## Exercise:
Each record must be written out again exactly. Skip any picture it contains.

─── Data in this exercise ───

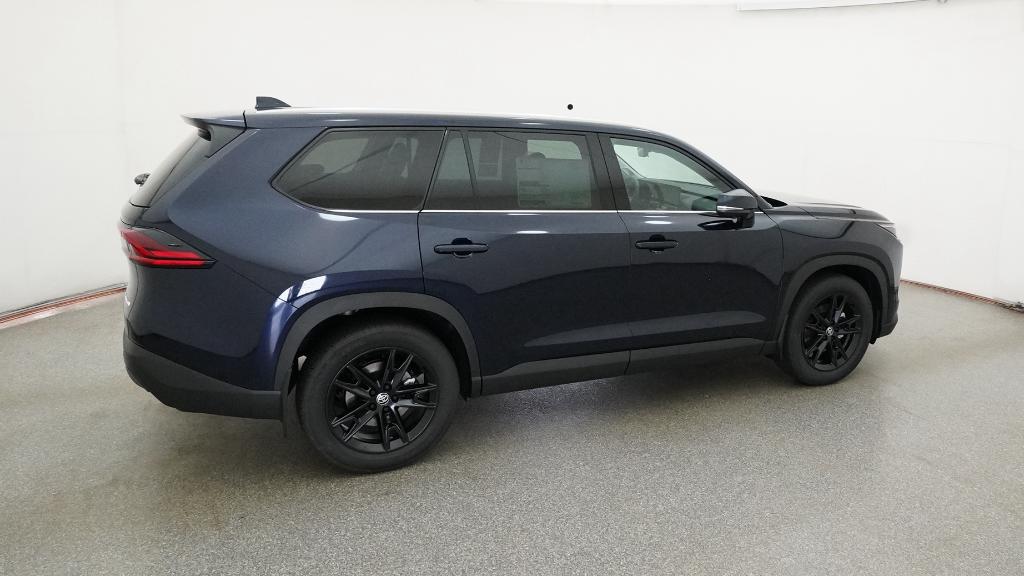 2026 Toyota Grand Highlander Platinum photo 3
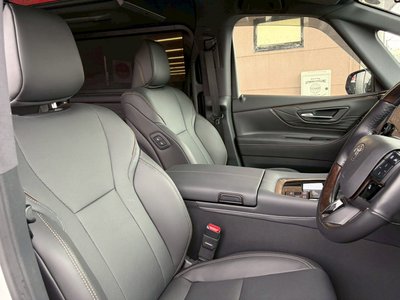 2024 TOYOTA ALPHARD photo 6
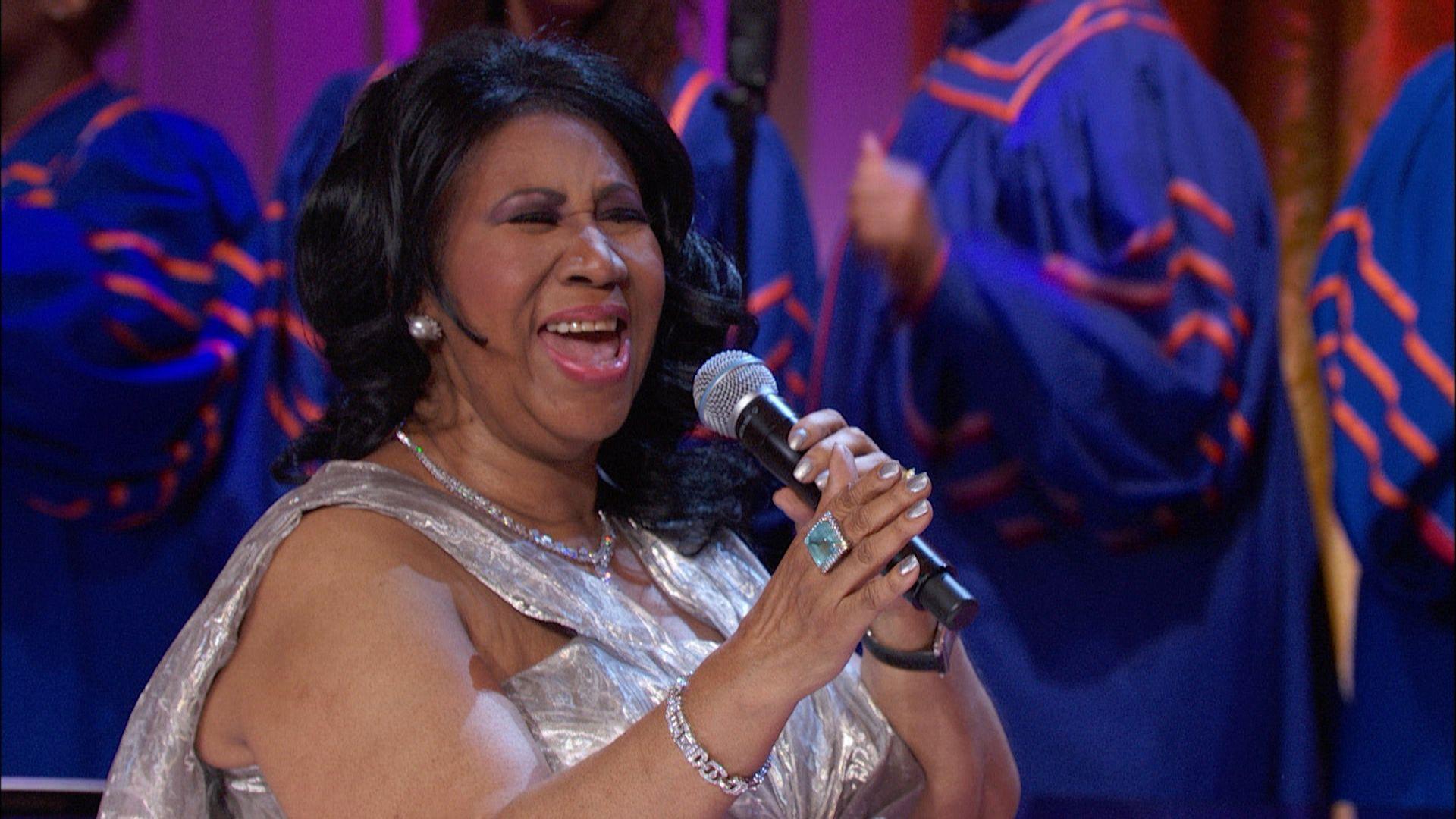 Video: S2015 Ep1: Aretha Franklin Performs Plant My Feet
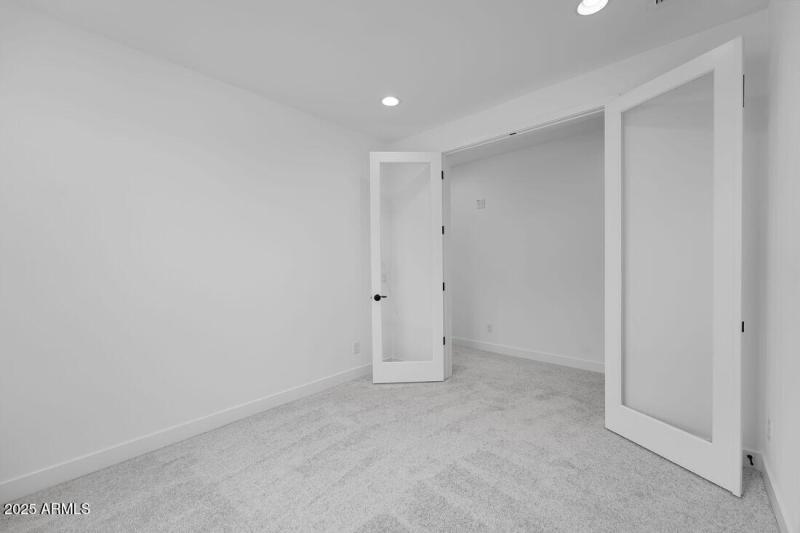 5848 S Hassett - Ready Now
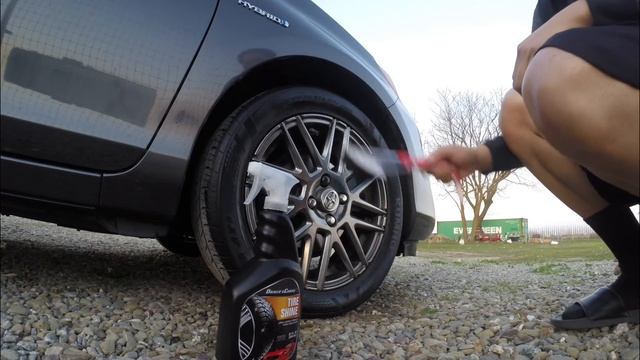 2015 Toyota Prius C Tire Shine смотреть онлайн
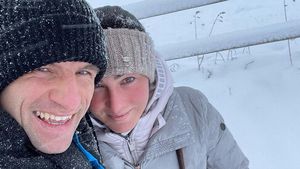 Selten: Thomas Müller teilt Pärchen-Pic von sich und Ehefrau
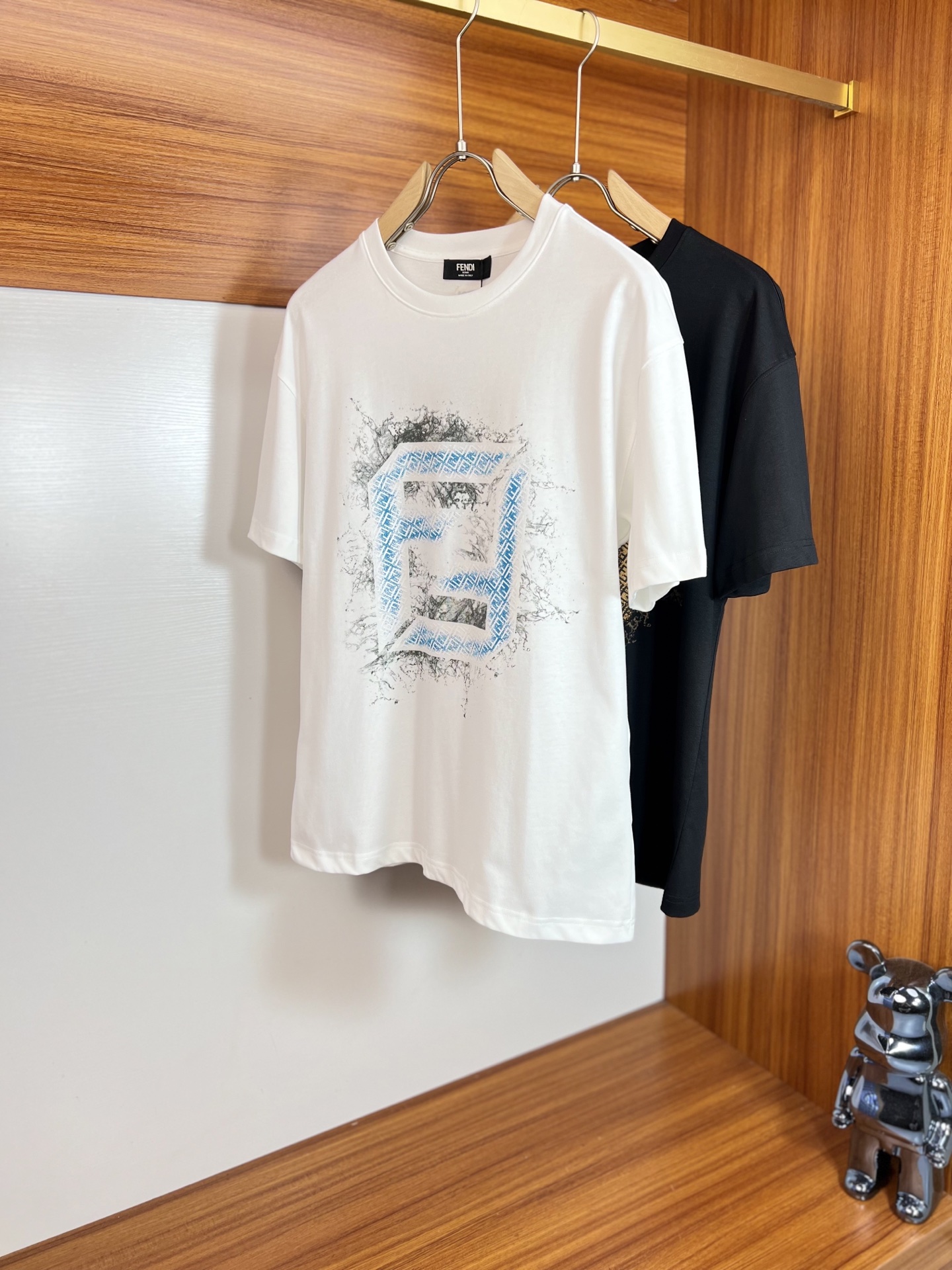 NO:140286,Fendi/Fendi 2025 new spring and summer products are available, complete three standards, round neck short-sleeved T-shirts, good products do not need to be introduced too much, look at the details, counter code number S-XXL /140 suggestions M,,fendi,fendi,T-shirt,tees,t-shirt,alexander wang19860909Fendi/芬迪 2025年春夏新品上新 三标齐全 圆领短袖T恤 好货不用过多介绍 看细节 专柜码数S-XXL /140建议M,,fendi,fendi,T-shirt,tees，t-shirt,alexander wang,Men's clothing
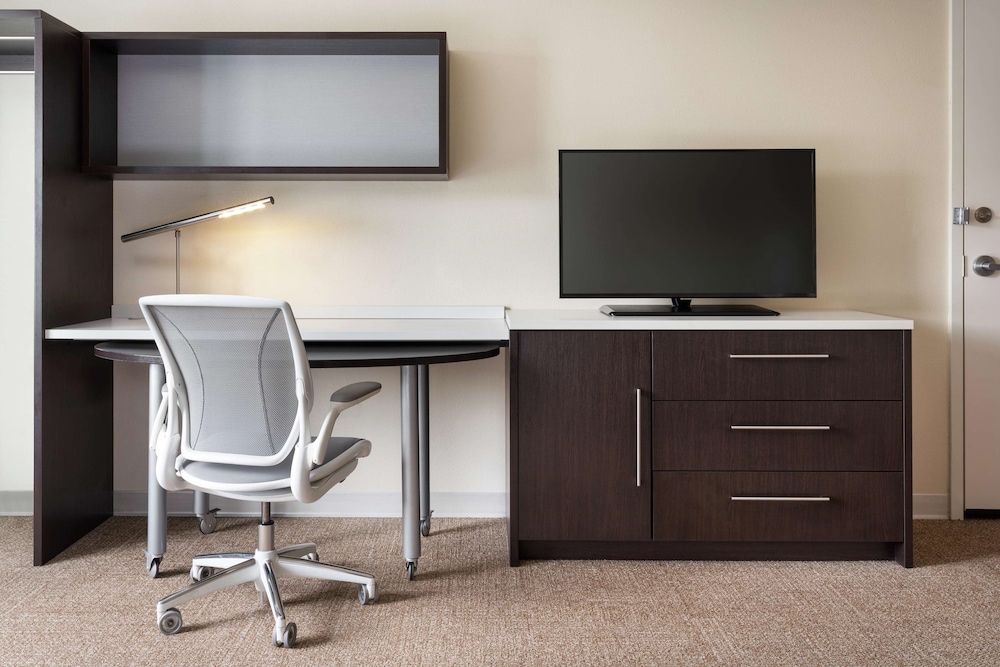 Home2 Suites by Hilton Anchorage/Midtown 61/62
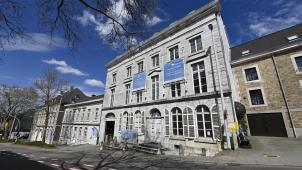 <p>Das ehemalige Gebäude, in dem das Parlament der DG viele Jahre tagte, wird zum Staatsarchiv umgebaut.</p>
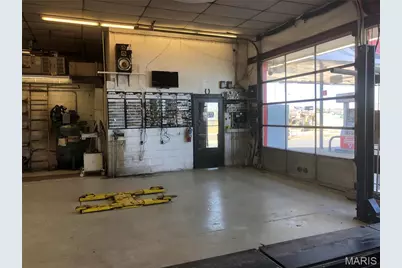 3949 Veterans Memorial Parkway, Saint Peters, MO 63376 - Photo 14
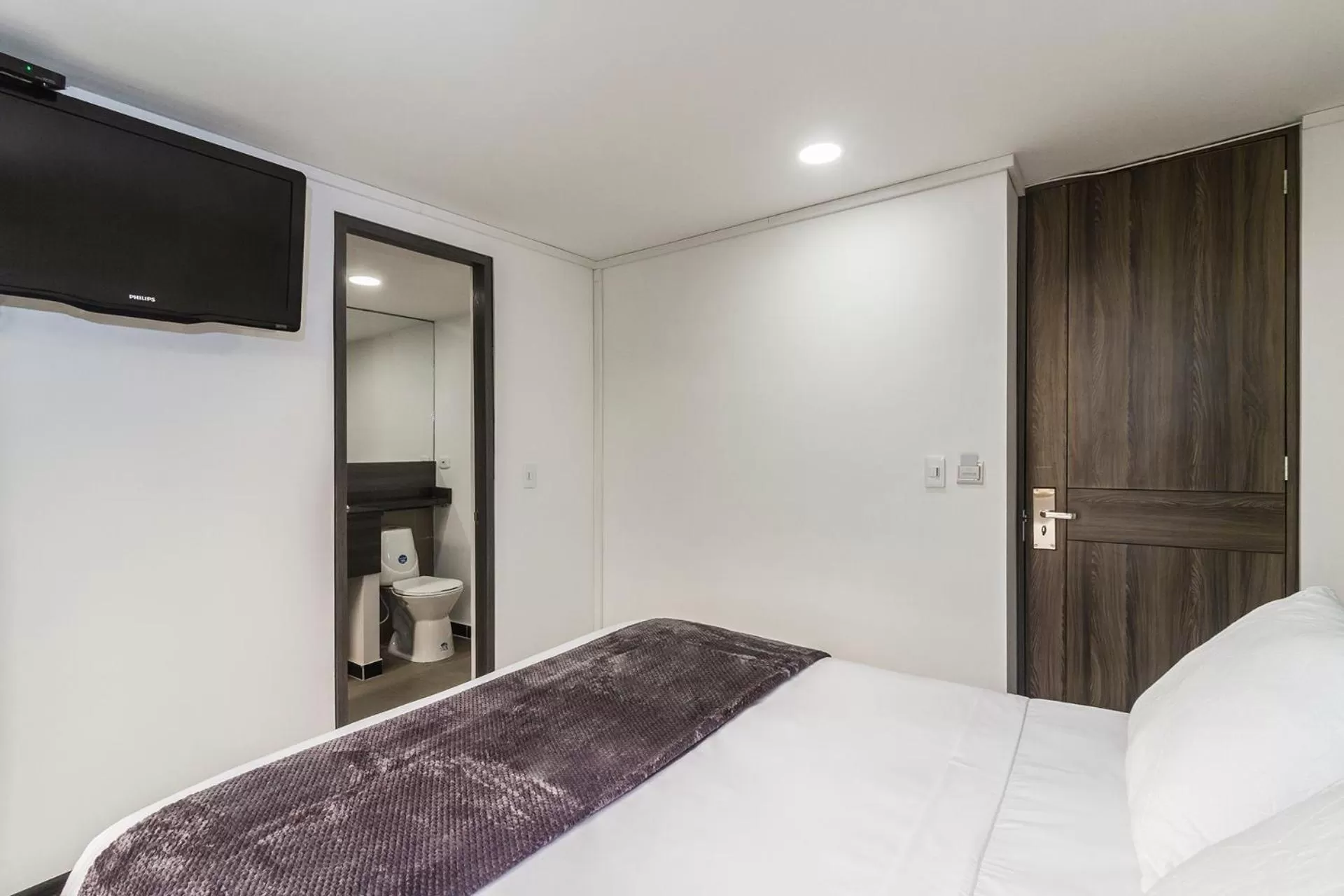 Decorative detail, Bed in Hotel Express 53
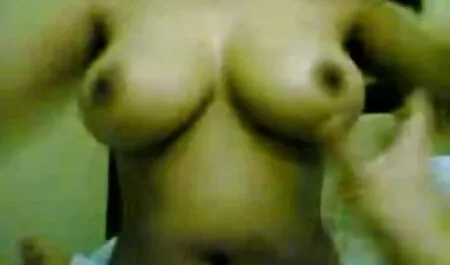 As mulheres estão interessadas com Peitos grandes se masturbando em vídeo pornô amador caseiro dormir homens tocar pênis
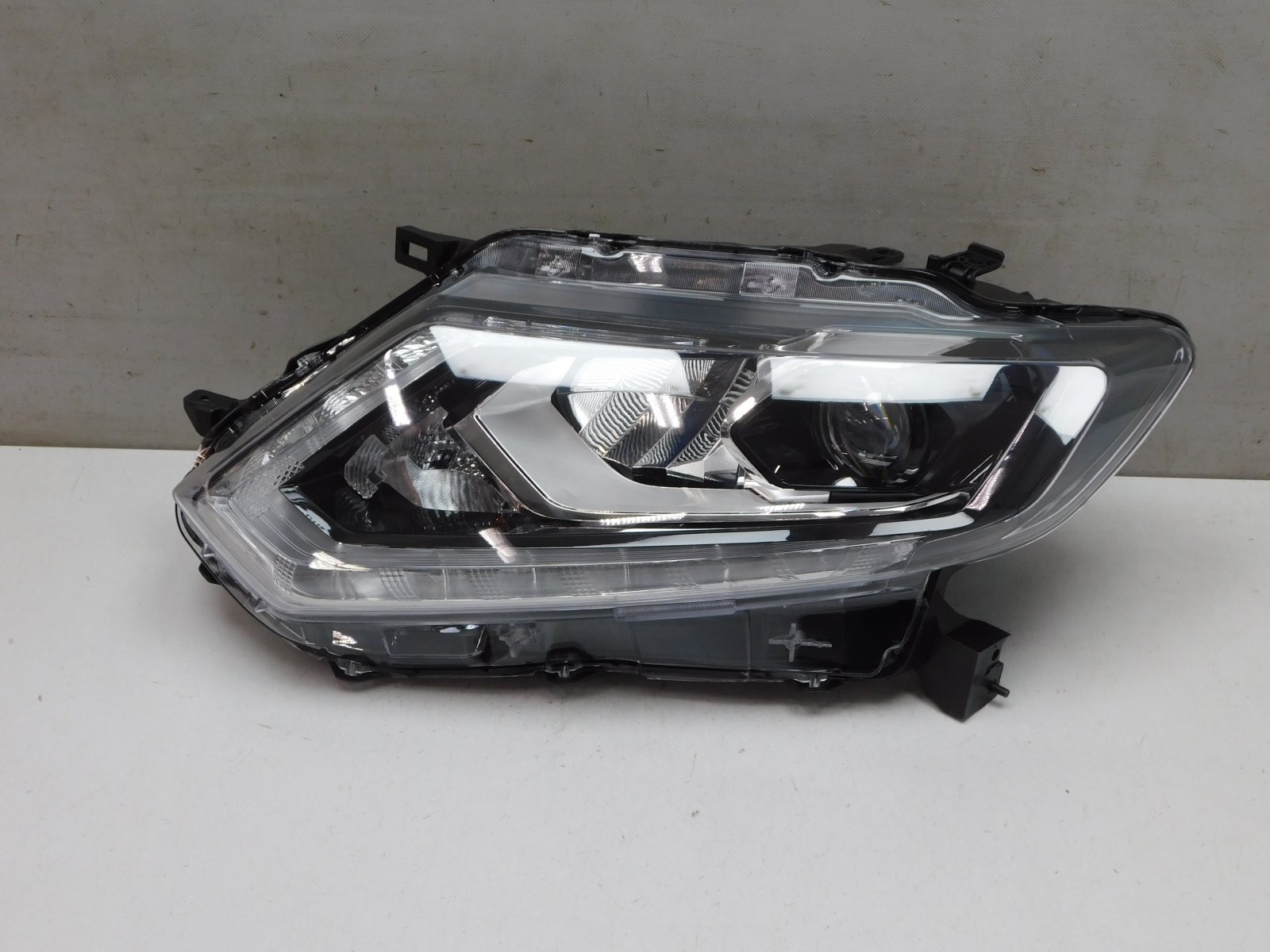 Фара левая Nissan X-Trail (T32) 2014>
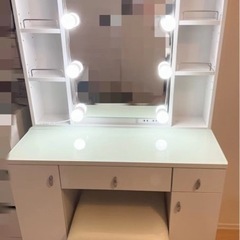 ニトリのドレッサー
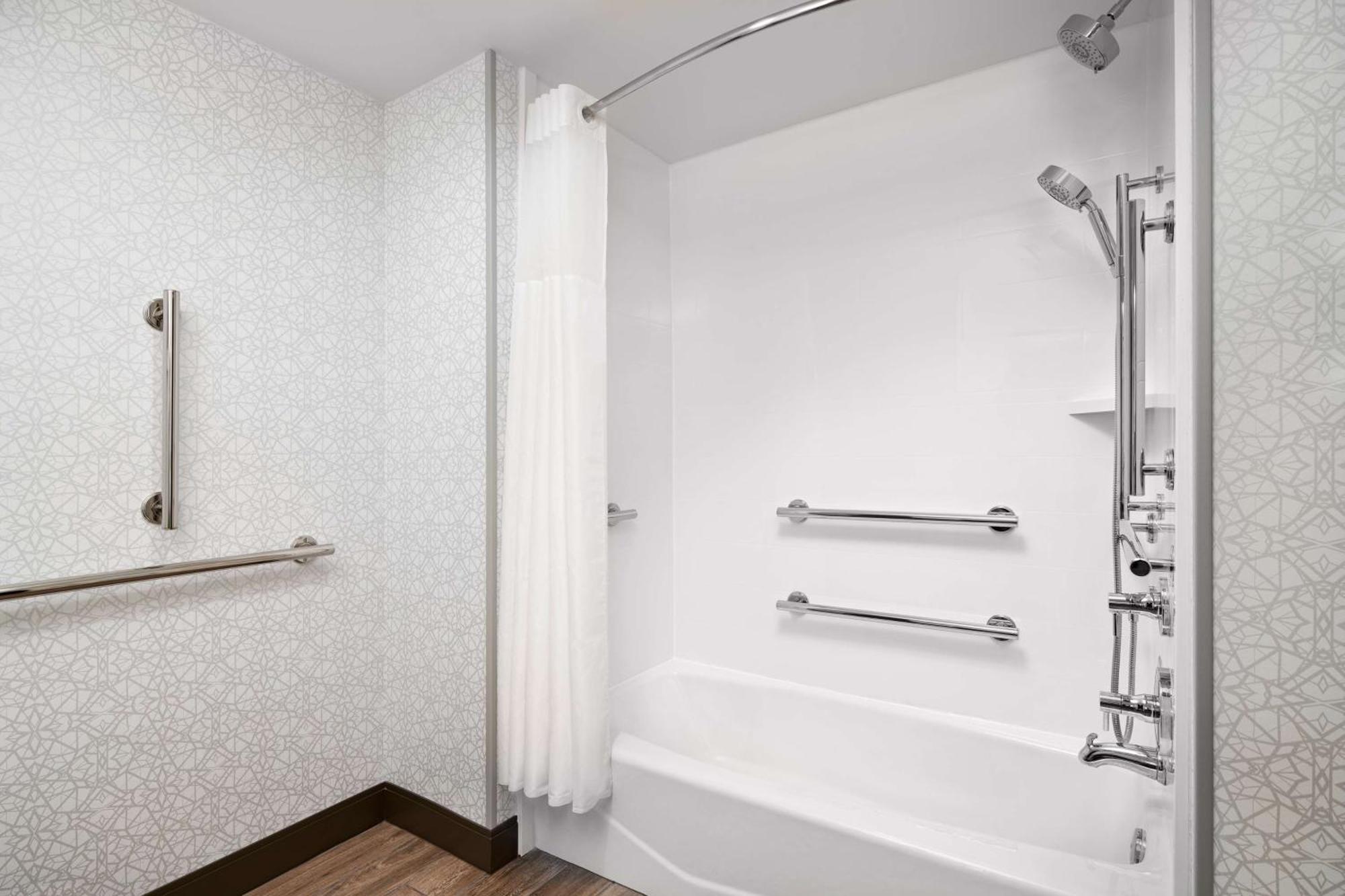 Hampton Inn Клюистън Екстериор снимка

───

## Solution for this problem:
 2026 Toyota Grand Highlander Platinum photo 3
 2024 TOYOTA ALPHARD photo 6
 Video: S2015 Ep1: Aretha Franklin Performs Plant My Feet
 5848 S Hassett - Ready Now
 2015 Toyota Prius C Tire Shine смотреть онлайн
 Selten: Thomas Müller teilt Pärchen-Pic von sich und Ehefrau
 NO:140286,Fendi/Fendi 2025 new spring and summer products are available, complete three standards, round neck short-sleeved T-shirts, good products do not need to be introduced too much, look at the details, counter code number S-XXL /140 suggestions M,,fendi,fendi,T-shirt,tees,t-shirt,alexander wang19860909Fendi/芬迪 2025年春夏新品上新 三标齐全 圆领短袖T恤 好货不用过多介绍 看细节 专柜码数S-XXL /140建议M,,fendi,fendi,T-shirt,tees，t-shirt,alexander wang,Men's clothing
 Home2 Suites by Hilton Anchorage/Midtown 61/62
 <p>Das ehemalige Gebäude, in dem das Parlament der DG viele Jahre tagte, wird zum Staatsarchiv umgebaut.</p>
 3949 Veterans Memorial Parkway, Saint Peters, MO 63376 - Photo 14
 Decorative detail, Bed in Hotel Express 53
 As mulheres estão interessadas com Peitos grandes se masturbando em vídeo pornô amador caseiro dormir homens tocar pênis
 Фара левая Nissan X-Trail (T32) 2014>
 ニトリのドレッサー
 Hampton Inn Клюистън Екстериор снимка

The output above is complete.